Special populations

Age had no clinically relevant effect on the pharmacokinetics of liraglutide based on the results from a pharmacokinetic study in healthy subjects and population pharmacokinetic data analysis of patients (18 to 80 years). Therefore, no dose adjustment is required based on age.

Gender had no clinically meaningful effect on the pharmacokinetics of liraglutide based on the results of population pharmacokinetic data analysis of male and female patients and a pharmacokinetic study in healthy subjects. As such, no dose adjustment is required based on gender.

Pharmacokinetic properties of liraglutide were assessed in clinical studies in the paediatric population with type 2 diabetes aged 10 years and above. The liraglutide exposure in adolescents and children was comparable to that observed in the adult population. No dose adjustment is required for adolescents and children 10 years and older. No data are available for children below 10 years of age and its use is not recommended.
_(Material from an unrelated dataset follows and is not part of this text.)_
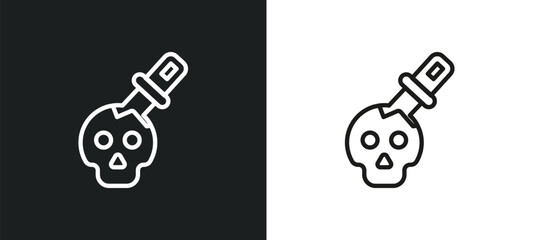 skull and dagger outline icon in white and black colors. skull and dagger flat vector icon from shapes collection for web, mobile apps ui.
Ethnic origin had no clinically relevant effect on the pharmacokinetics of liraglutide based on the results of population pharmacokinetic analysis which included patients of White, Black, Asian and Hispanic groups. No dose adjustment based on ethnic origin is required.

Population pharmacokinetic analysis suggests that body mass index (BMI) has no significant effect on the pharmacokinetics of liraglutide, therefore no dose adjustment is required.

No dose adjustment is required for patients with mild, moderate or severe renal impairment. There is no therapeutic experience in patients with end-stage renal disease, and liraglutide is therefore not recommended for use in these patients. For further information, please see SmPC section 5.2.

No dose adjustment is recommended for patients with mild or moderate hepatic impairment. Liraglutide is not recommended for use in patients with severe hepatic impairment.

There are no adequate data from the use of liraglutide in pregnant women. Studies in animals have shown reproductive toxicity (see SmPC section 5.3). The potential risk for humans is unknown. Liraglutide should not be used during pregnancy, and the use of insulin is recommended instead. If a patient wishes to become pregnant, or pregnancy occurs, treatment with liraglutide should be discontinued.

It is not known whether liraglutide is excreted in human milk. Animal studies have shown that the transfer of liraglutide and metabolites of close structural relationship into milk is low. Non-clinical studies have shown a treatment-related reduction of neonatal growth in suckling rat pups (see SmPC section 5.3). Because of lack of experience, liraglutide should not be used during breast-feeding.

Apart from a slight decrease in the number of live implants, animal studies did not indicate harmful effects with respect to fertility (See SmPC section 5.3).